Thursday, July 16, 2009

Recycled Art

A sculpture made of thousands of aluminum cans is unveiled on an English cliff top as part of a United Kingdom national initiative to encourage consumers to recycle more The world's largest recycled artwork was unveiled as part of a new drive to encourage consumers to recycle their cans and bottles this summer.

Transforming thousands of used aluminum cans collected from around the UK, the sculpture, called Precious Metal, took a team of artists a week to complete and can only be fully viewed from the air.

The artwork, near Eastbourne, is inspired by a classic 1949 summer poster from the Coca-Cola archives of a swimsuit-clad lady relaxing in the sun. It was led by the award-winning Cornish sculptor Robert Bradford.

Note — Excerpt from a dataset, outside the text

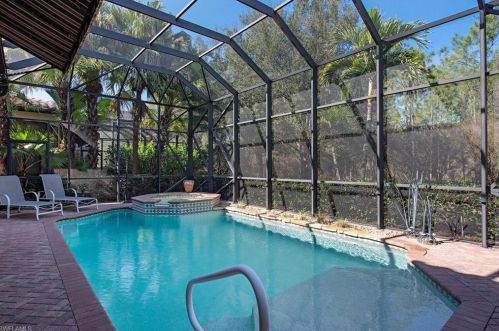 16834 Cabreo Dr, Naples FL 34110-3271 exterior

Liz Lowe, citizenship manager at Coca-Cola Great Britain, said: "Old cans aren't just waste, they're precious metal. They can live forever through recycling, to be used time and time again to make a whole number of new things, saving huge amounts of energy and raw materials."

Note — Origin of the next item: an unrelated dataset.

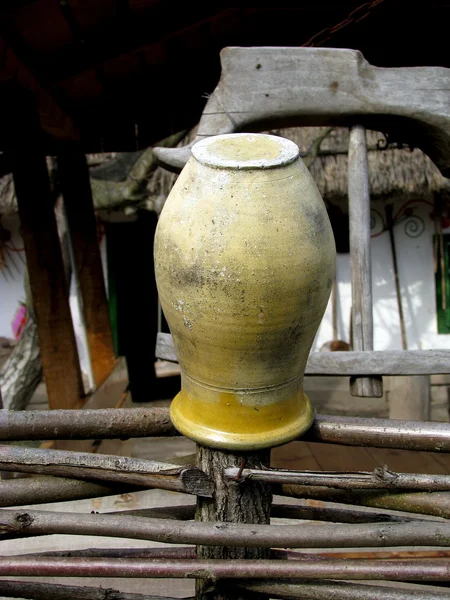 Ukraininan ancient ceramics pot — Stock Photo, Image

The fact is when you recycle aluminum; you preserve 95% of the energy it would have taken to create the same material again from virgin resources. These resources are traditionally located overseas, thereby compounding the issue by having our money leave the United States in return for even more future waste materials.

Recycling aluminum is a domestic process with a plant right here in the northwest. When you recycle aluminum, you are supporting our own, local economies.

This initiative is timely even here in the United States. Many millions of aluminum cans and plastic bottles are discarded into the trash daily. This material is a precious natural resource and when recycled preserves other resources, reduces litter, and creates much needed jobs. Now is the time to decide, do you care more about your community or the convenience offered by easy disposal.